## Problem
Pictures do not belong in the copy. Write out exactly the lines from the one containing "Střet dvou aut, na místě jedna zraněná žena" through the end of the data.
(Data records Opens)
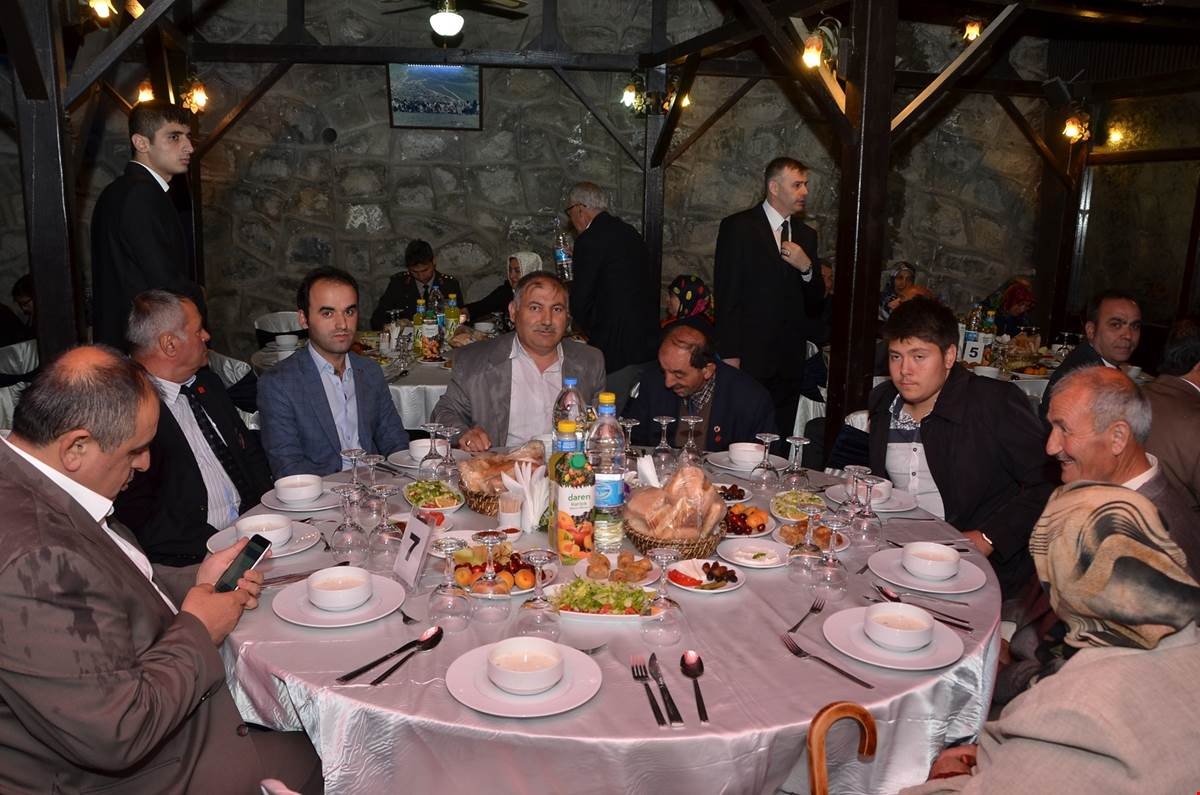 Vali Memiş iftarda şehit aileleri ve gazilerle bir araya geldi 7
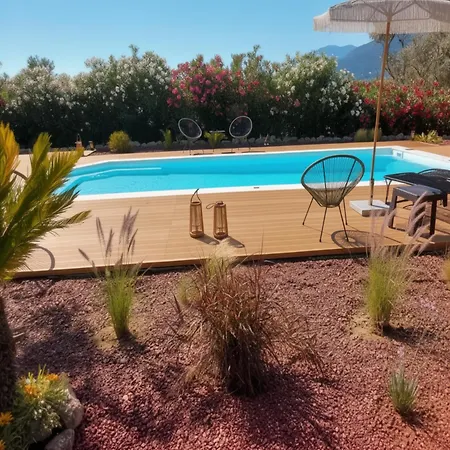 Polyxeni 5br Private Pool Up To 12 Guests Politiká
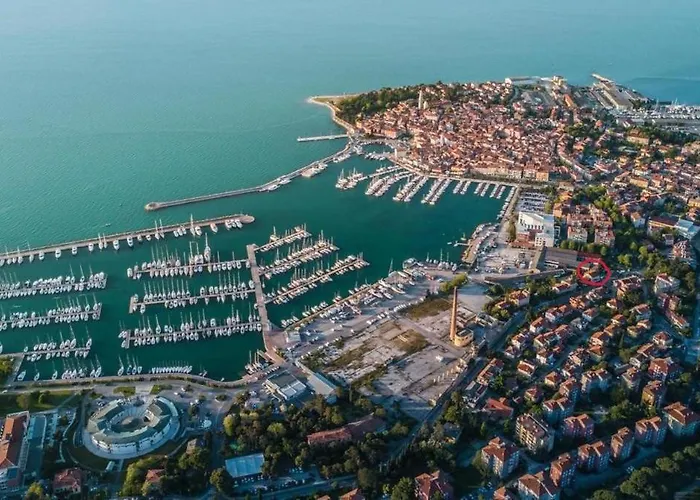 Apartma Casa Della Pizza - Parking Included Apartamento Izola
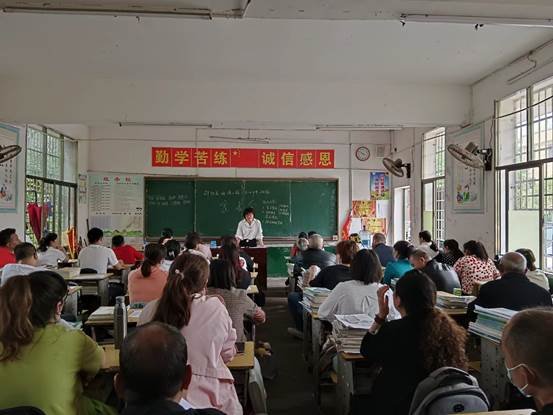 家校共建，攜手共育塘渡口鎮(zhèn)玉田初級中學開展家長開放日運動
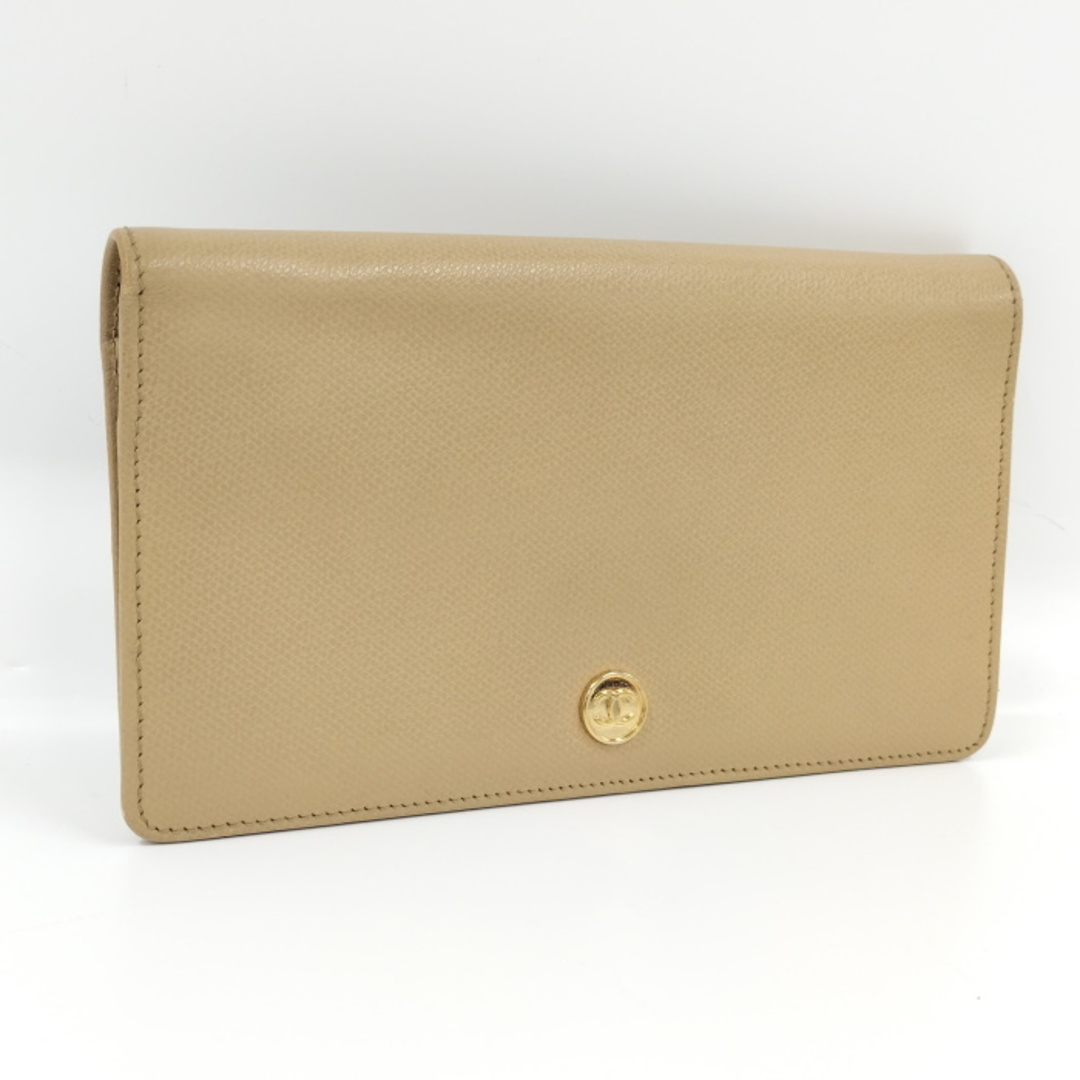 CHANEL(シャネル)のCHANEL 二つ折り長財布 ココボタン レザー ベージュ レディースのファッション小物(財布)の商品写真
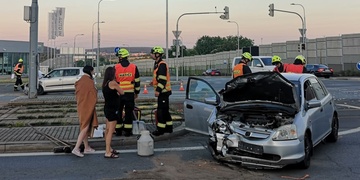 Střet dvou aut, na místě jedna zraněná žena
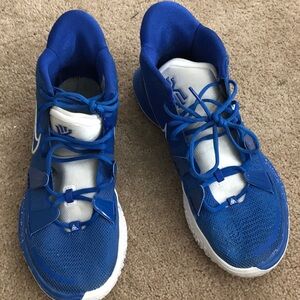 Nike Men Blue Athletic Shoes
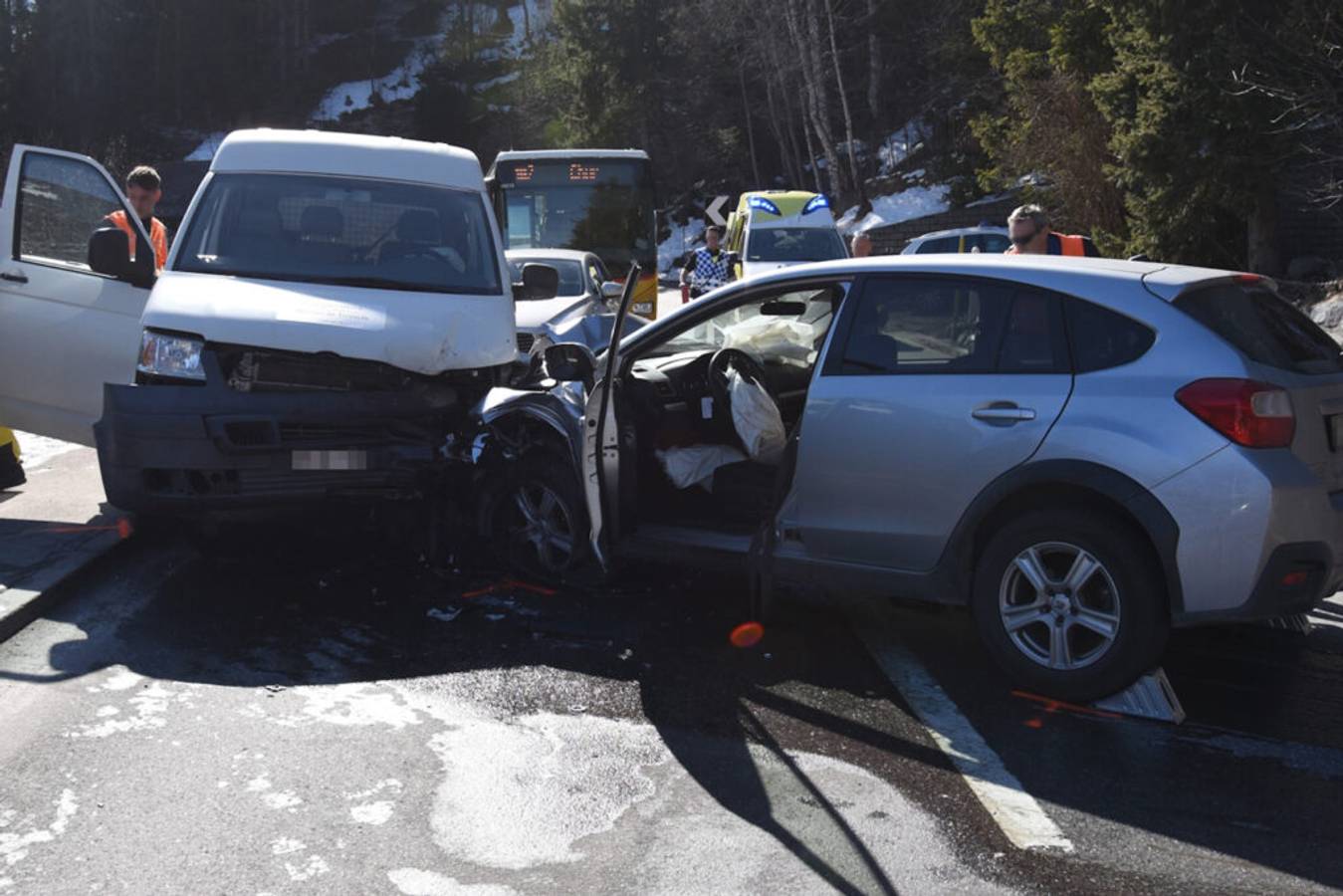 Heftige Kollision bei Churwalden fordert drei Verletzte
(Data records Closes)
## Task answer
 Střet dvou aut, na místě jedna zraněná žena
 Nike Men Blue Athletic Shoes
 Heftige Kollision bei Churwalden fordert drei Verletzte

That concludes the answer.